Aspects of the omnibus packages that are of particular significance to non-E.U. companies include:

 

  • Reduce number of entities subject to CSRD reporting. The proposals would limit the scope of CSRD reporting to large E.U. undertakings. A large undertaking is an entity with more than 1,000 employees and either a balance sheet total of at least €25 million or worldwide annual net turnover of €50 million.  (Currently, the employee threshold is 250 employees.)  Non-E.U. companies would be subject to reporting if they have an annual net turnover of at least €450 million in the E.U. and either an E.U. subsidiary that is required to report or a branch in the E.U. with an annual net turnover of €50 million euros. Currently the turnover threshold for a non-E.U. parent is €150 million.

 

  • Delay implementation of reporting requirements. The omnibus packages also propose a two-year delay in the implementation of CSRD reporting for “second wave” and “third wave” companies.

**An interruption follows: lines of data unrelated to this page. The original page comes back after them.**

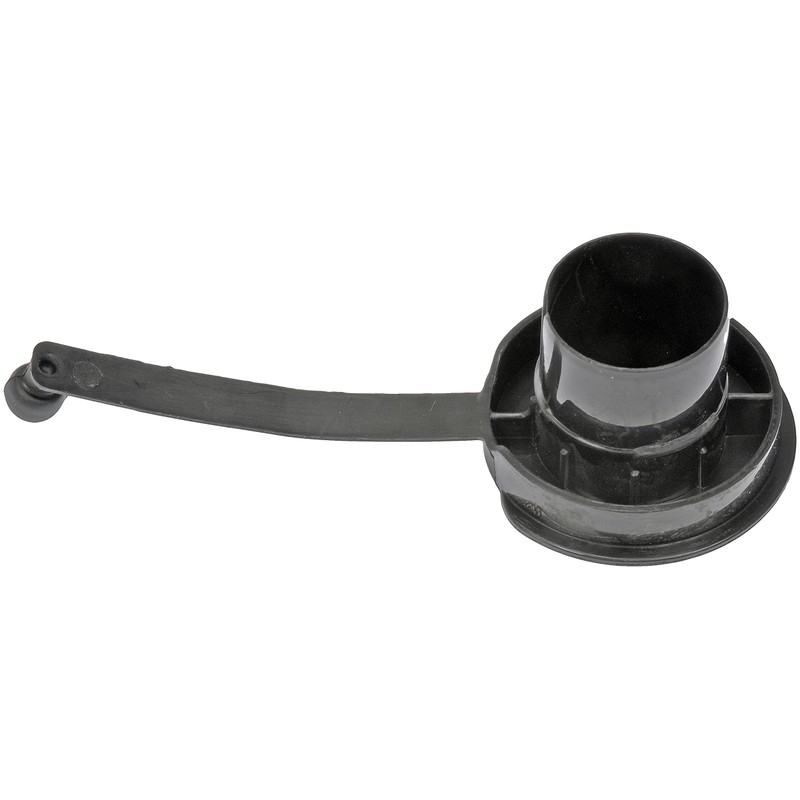 Dorman 54209 Engine Coolant Cap Compatible with Select Ford/Lincoln/Mercury Models
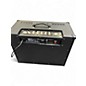 Used VOX VT50 Valvetronix 1x12 50W Guitar Combo Amp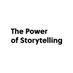 The Power of Story Profile picture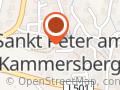 und Gewerbemesse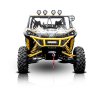 IQ-UTV-BUMPERS_99_134.jpg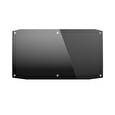 Intel NUC Skull Canyon/Kit NUC6i7KYK/i7-6770HQ/DDR4-2133/USB3.0/HDMI/mDP/Thunder/Intel Iris Pro Graphics/WifFi//M2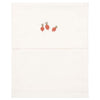 https://www.vanastenbabysuperstore.nl/media/catalog/product/1/8/1801900962_1_laken_wieg_koeka_you_look_radishing_brick.jpg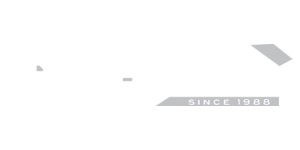 logo-finnroof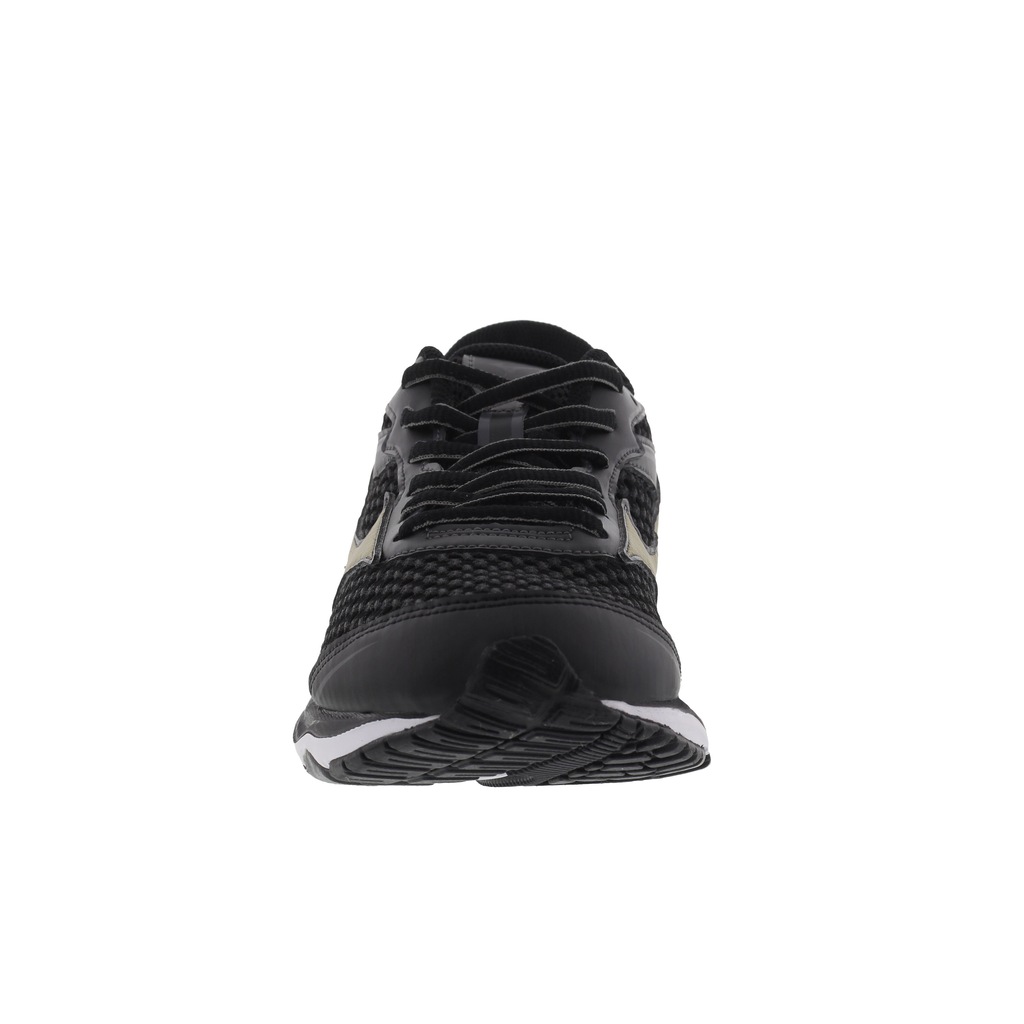 Tênis Mizuno Wave Hawk - Masculino - Foto 3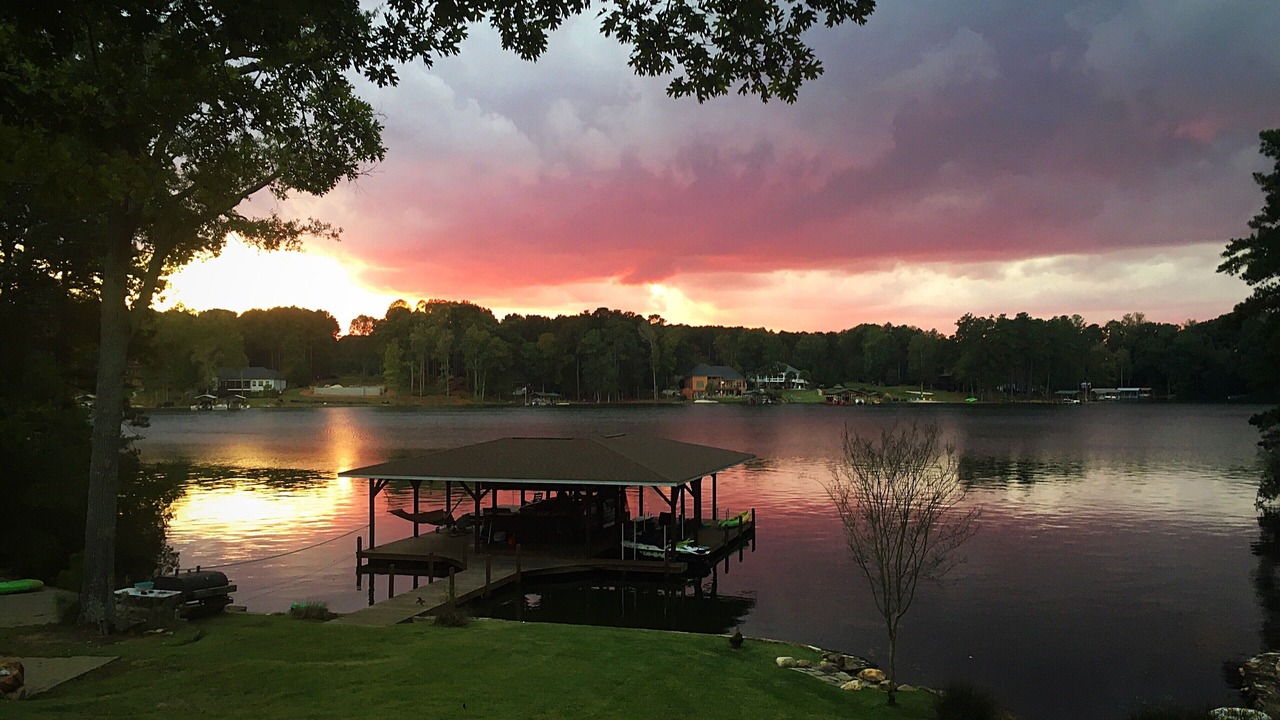 Photo of Outdoor in Chappells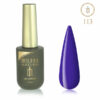 Gel-lac MILANO LUXURY 10ml № 113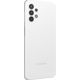 Samsung Galaxy A32 awesome white Galerie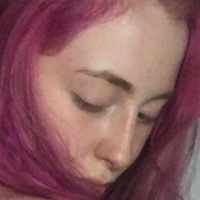 Justkat_1 Nackt
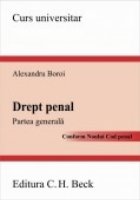 Drept penal Partea generala Conform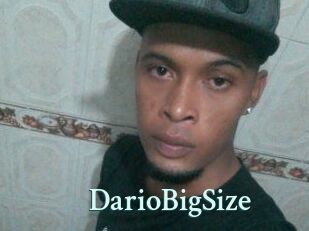 DarioBigSize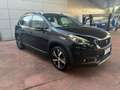 Peugeot 2008 PureTech Turbo 130 S&S Allure Schwarz - thumbnail 3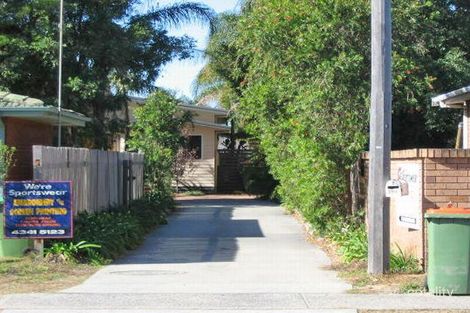 294a-A Ocean Beach Rd, Umina Beach, NSW 2257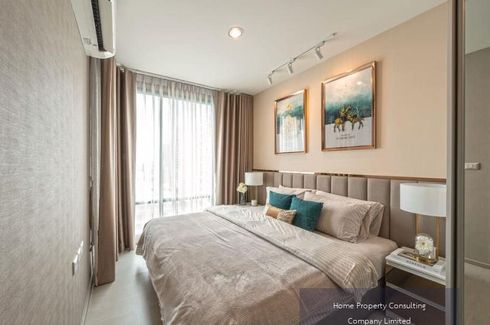 2 Bedroom Condo for sale in Rhythm Sukhumvit 42, Phra Khanong, Bangkok near BTS Ekkamai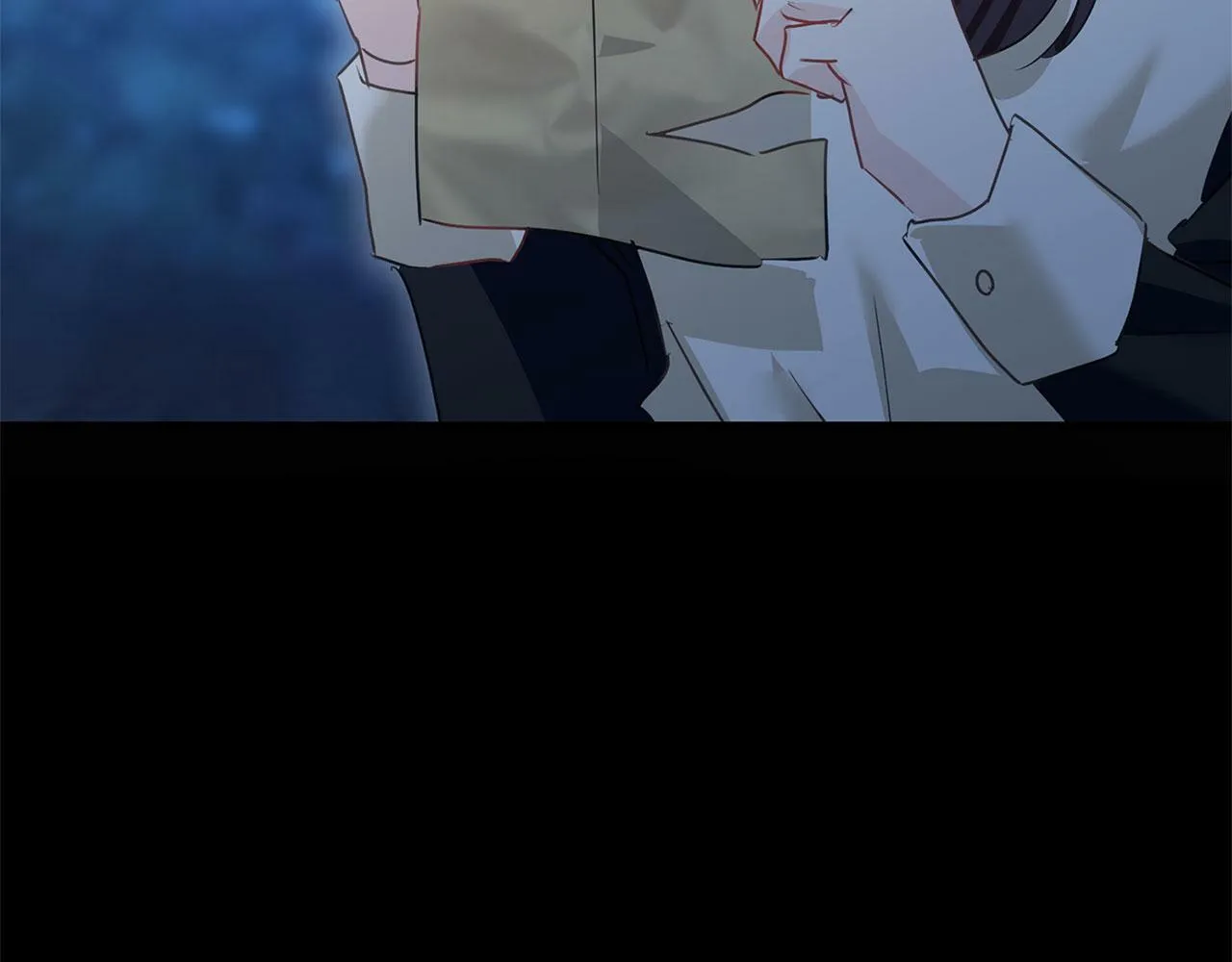 第15话 英雄归来 第220页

The initial reporting date for the second wave of entities would change from 2025 to 2027 and for third wave of entities from 2026 to 2028.  (First wave entities are already subject to reporting.)  In very simplified terms, first wave entities are large E.U. or foreign companies that are listed on an E.U. exchange; second wave entities are large undertakings that are not included in the first wave, and third wave entities are smaller listed companies.

 

  • Revise disclosures.  The proposals would provide for revisions to the European Sustainability Reporting Standards (ESRS). The ESRS are the reporting standards, rules, disclosures, and metrics that companies must comply pursuant to the CSRD. The EC's proposal envisions substantially reducing the number of “data points” that must be reported and clarifying the requirements.

 

  • Limit value chain reporting.  The proposed revisions would also limit the reporting burdens imposed on smaller companies in a reporting entity’s value chain.  The Corporate Sustainability Due Diligence Directive (CSDDD) requires both E.U. and non-E.U. large companies (as defined above) to conduct due diligence on human rights and environmental impacts throughout their operations, subsidiaries, and value chains.  Under the proposals, reporting companies would only be required to apply due diligence measures to the activities of the company, its subsidiaries, and direct business partners.  Companies would not be required to obtain information from entities that are not subject to CSRD reporting.  The proposals would also delay application of the CSDDD to first wave companies by one year until 2028.

 

  • E.U. Taxonomy (EUT) reporting.  The EUT a system for classifying sustainable economic activities. Under the EUT, in-scope companies are required to annually report the share of their business that is within the taxonomy using specific metrics. Under the proposals, mandatory EUT reporting would be limited to entities that are required to comply with the CSRD and have net turnover exceeding €450 million. The proposals would also decrease the information required to be reported.

 

In mid-April, the European Parliament approved the EC’s “stop the clock proposal” which implements the postponement of CSRD reporting and CSDDD due diligence, as described above.  The European Parliament will next consider the balance of the proposals and could make changes.  If the proposals are adopted, they will then need to be transposed into domestic law of the E.U. member states.

 

Audit committees of companies that do business in the E.U., directly or through subsidiaries, should  make sure that management monitors the progress of the omnibus packages and considers how changes to the scope and requirements of the CSDR ,CSDDD and EUT may affect the company.  Thought should also be given to how these changes could impact due diligence information requests from customers or suppliers that are subject to these directives. Since E.U. reporting deadlines and requirements are changing, managements and boards should also evaluate whether the company is investing in controls and disclosure procedures that will need to be modified or may even prove to be unnecessary. The scope and requirements of the CSRD are complex, as are the proposals to modify it, and many companies may potentially be affected by the proposed changes may want to consult professional advisors that specialize in this field.